Борец и клоун. Вожди
Борец и клоун. Вожди
После Сталина у страны оказалось сразу несколько новых вождей. Дело вовсе не в чехарде, которую устроили в борьбе за власть Маленков, Хрущев, Берия, Молотов, Каганович и примкнувший Шепилов. Дело в том, что много лет Сталин выполнял роль политического, интеллектуального, нравственного ориентира – в одиночку. Он заместил всех предшествующих и сопутствующих ему кумиров, в результате отменив их за ненадобностью. Марксизм нашел свою вершину и окончательное воплощение в его трудах, покрыв тенью забвения самих основоположников. Так же затмился образ Ленина: «Сталин – это Ленин сегодня»30. Рядом с вождем были, в лучшем случае, соратники, в худшем – замаскировавшиеся враги. Они обступали Сталина на фотографиях и трибунах, ничуть не заслоняя его.
Когда Сталина отменили, оттесненные им вожди бросились занимать хорошие места. Одновременно вынесли из Мавзолея Сталина и в Охотном Ряду открыли памятник Марксу. В том же номере «Правды», где на первой странице сообщалось о выносе тела, на 10-й – толпы оживленных москвичей гуляли вокруг лохматой гранитной глыбы31. Становилось понятно, что история не только вычеркивает, но и восстанавливает. В это время в страну заново пришли Маркс и Энгельс: считалось, что их гибкая и тонкая философия не имела отношения к ее практическому извращению Сталиным. Скорее в эпоху западничества уместно было вспомнить, что немецкие мыслители – соотечественники явившихся в те же годы Ремарка и Белля.

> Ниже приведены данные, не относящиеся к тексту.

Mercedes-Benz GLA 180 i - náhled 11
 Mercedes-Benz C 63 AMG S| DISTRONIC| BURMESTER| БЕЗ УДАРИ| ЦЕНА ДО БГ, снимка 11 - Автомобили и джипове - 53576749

Однако Маркс и Энгельс были вождями второстепенными. В целом же изъятие Сталина из жизни происходило как реабилитация Ленина. Постановление XXII съезда гласило:
Признать нецелесообразным дальнейшее сохранение в Мавзолее саркофага с гробом И. В. Сталина, так как серьезные нарушения Сталиным ленинских заветов, злоупотребления властью, массовые репрессии против честных советских людей и другие действия в период культа личности делают невозможным оставление гроба с его телом в Мавзолее В. И. Ленина32.
Легко заметить, что из всех сталинских преступлений на первом месте стоят нарушения ленинских заветов. За языческим ужасом, которым веет от этого текста, просматривается основная идея: Сталина не выносят – это Ленин выталкивает его из Мавзолея, Ленин не хочет лежать с ним рядом. В лавине разоблачений, обрушившейся на Сталина, самые весомые удары достаются ему от Ленина: тот, оказывается, все знал – и о грубости своего преемника, и о непригодности к роли генсека. Непригодность – в духе 60-х – имелась в виду отнюдь не профессиональная, а нравственная. 60-е Сталина отвергали как человека аморального33.
Совсем иным был Ленин. 60-е открыли Ленина-человека, хотя об этом уже предупреждал Маяковский: «Он, как вы и я, совсем такой же…» Но о ленинской человечности забыли, потому что долго длился период божестваСталина: доброго, а в 60-е выяснилось – злого. Богов устали бояться, и вновь обретенный Ленин пошел по стране невзрачным, но очень хорошим человеком. Лениниана достигла кульминации к 1970 году, в дни столетнего юбилея вождя, разрядившись пышным фейерверком анекдотов. Но это было потом, а в начале об Ильиче вполне серьезно рассказывали истории, позже ставшие анекдотическими зачинами: «Известно, что Владимир Ильич, будучи человеком удивительной скромности, терпеть не мог пышных торжеств, юбилейных речей, адресованных ему подарков»34. Портной излагал длинную неинтересную историю, в которой вся информация сводилась к тому, что у Ильича было только одно пальто35.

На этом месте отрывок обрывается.